Your shaving is too thick, and your blade appears to be in bad shape.


----------



## Mexicutioner (Jun 5, 2015)

Thanks for everybody's input. I should have taken some pictures of the original state which was way worse, but figured that the mating surfaces of the iron and the chip breaker would be more important. I've seen most of Mr Sellers' videos on the subject, but this is my first attempt. I'll work on that blade and chip breaker some more once I get some more time and try out some of the other suggestions as well.


----------



## BigJim (Sep 2, 2008)

Another suggestion, don't hold the plane straight inline with the work piece, hold it at an angle so the blade slices the wood not pushes straight into it. Sorta like a knife, you wouldn't push a knife straight into what ever you are cutting, you would slice it. Test your blade sharpness by cutting some wood across end grain, there should not be any tear out but there should be a shiny look after cutting, if your iron is polished really sharp.


----------



## fareastern (Sep 19, 2014)

gmcsmoke said:


> a #4 is just a tad bit bigger than a #3 which is a smoothing plane. You're taking too much of a cut, your planing pine and your going against the grain. Your cuts need to be with the grain and maybe .001 thick. You should be able to see through them, a good hock iron would help too.


I would be impressed by a shaving that thin.A few years ago Stanley advertised a block plane that produced a shaving .0025 thick as being capable of producing exceptionally thin shavings.

A well sharpened Stanley iron is a much better piece of hardware than the current fashionable assumptions will accept and only needs to be sharpened-just like any other plane iron.I only hope the original questioner will take a little time to learn how to achieve a good edge.With sharp tools it becomes much less difficult to do good work.


----------



## hwebb99 (Nov 27, 2012)

I'm able to cut a .003 shaving. .001 would be even thinner than tissue paper.


----------



## gmcsmoke (Feb 6, 2011)

fareastern said:


> I would be impressed by a shaving that thin.A few years ago Stanley advertised a block plane that produced a shaving .0025 thick as being capable of producing exceptionally thin shavings.
> 
> A well sharpened Stanley iron is a much better piece of hardware than the current fashionable assumptions will accept and only needs to be sharpened-just like any other plane iron.I only hope the original questioner will take a little time to learn how to achieve a good edge.With sharp tools it becomes much less difficult to do good work.

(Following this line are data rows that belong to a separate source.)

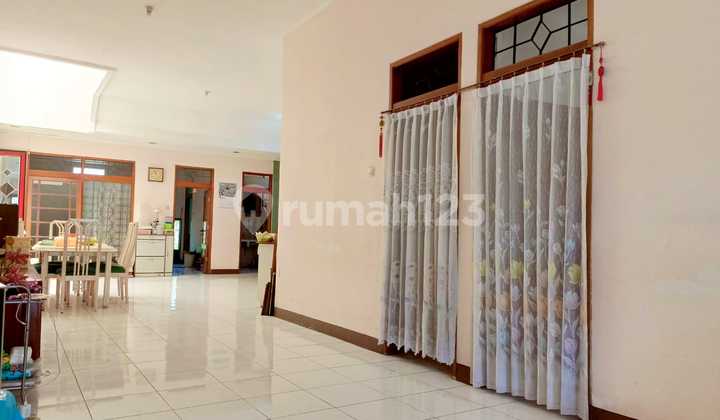 For Sale Ready-to-Occupy House in Kembar Mas in the Center of Bandung City 2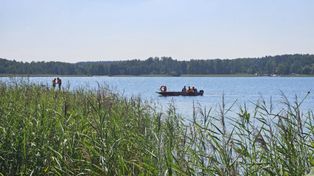 Mazowieckie: 22-latek zniknął pod taflą wody. Wznowiono poszukiwania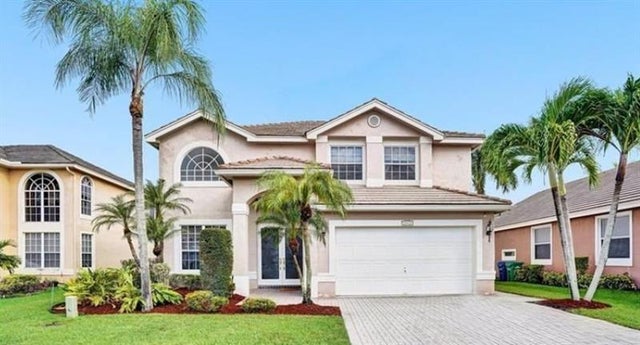 4 of 5 - 12237 Glenmore Dr, Coral Springs, FL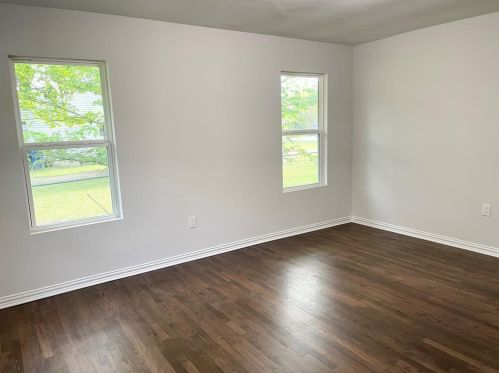 705 Main St, Greenville TX  75401-2027 exterior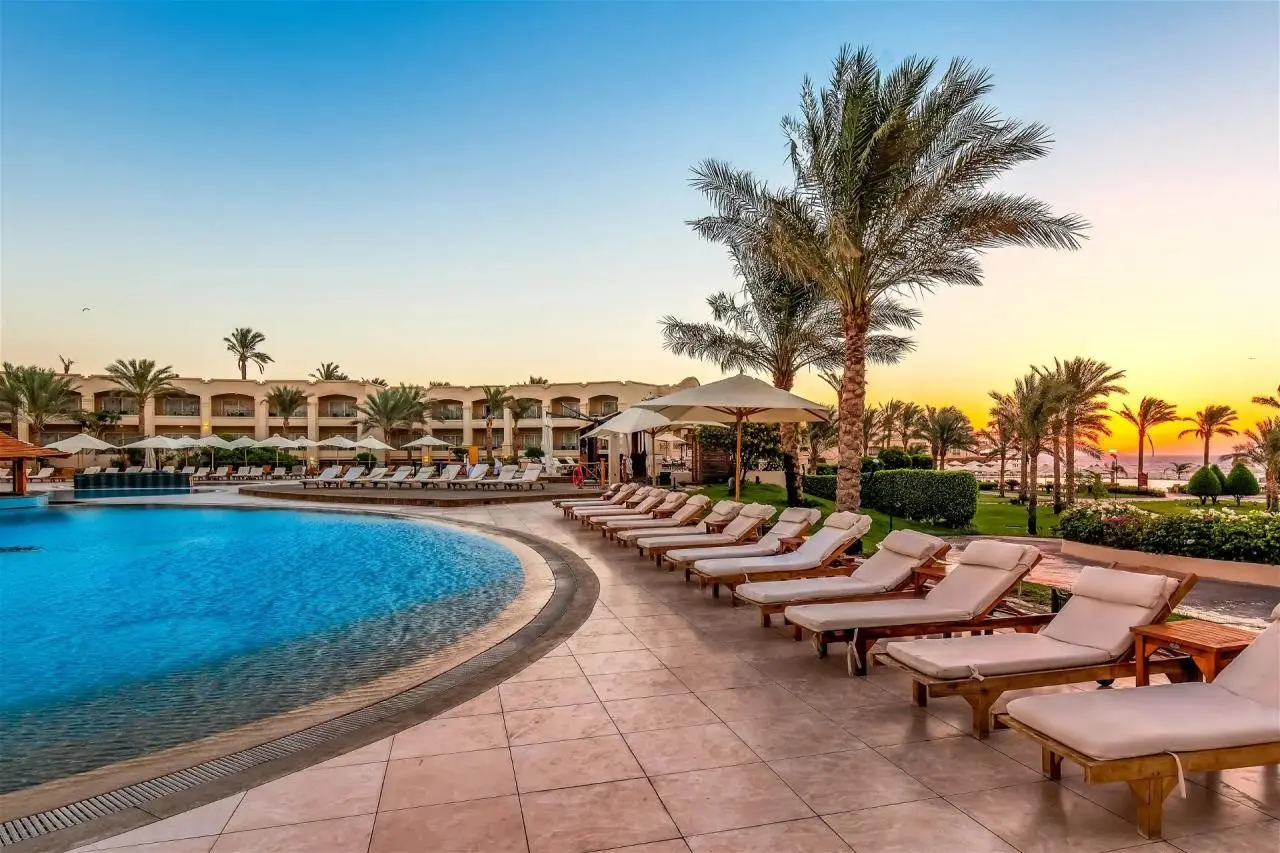 Basen w hotelu Cleopatra Luxury Resort Sharm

I think you're missing the point I was trying to make. with a smoothing plane your shavings should be tissue paper thin, not substantial like a jack or larger plane.


----------



## Mexicutioner (Jun 5, 2015)

I got my iron nice and sharp using a series of wet dry sandpaper grits. I read up a little more and it seems tjat my problemas was the setting of the chip breaker. I had it way too far out, exposing a lot of the blade. Seems to work better now. Tries it on a different board and tear out is no longer there. On to whatever the next challenge is in building a bench. Thanks again for the input


----------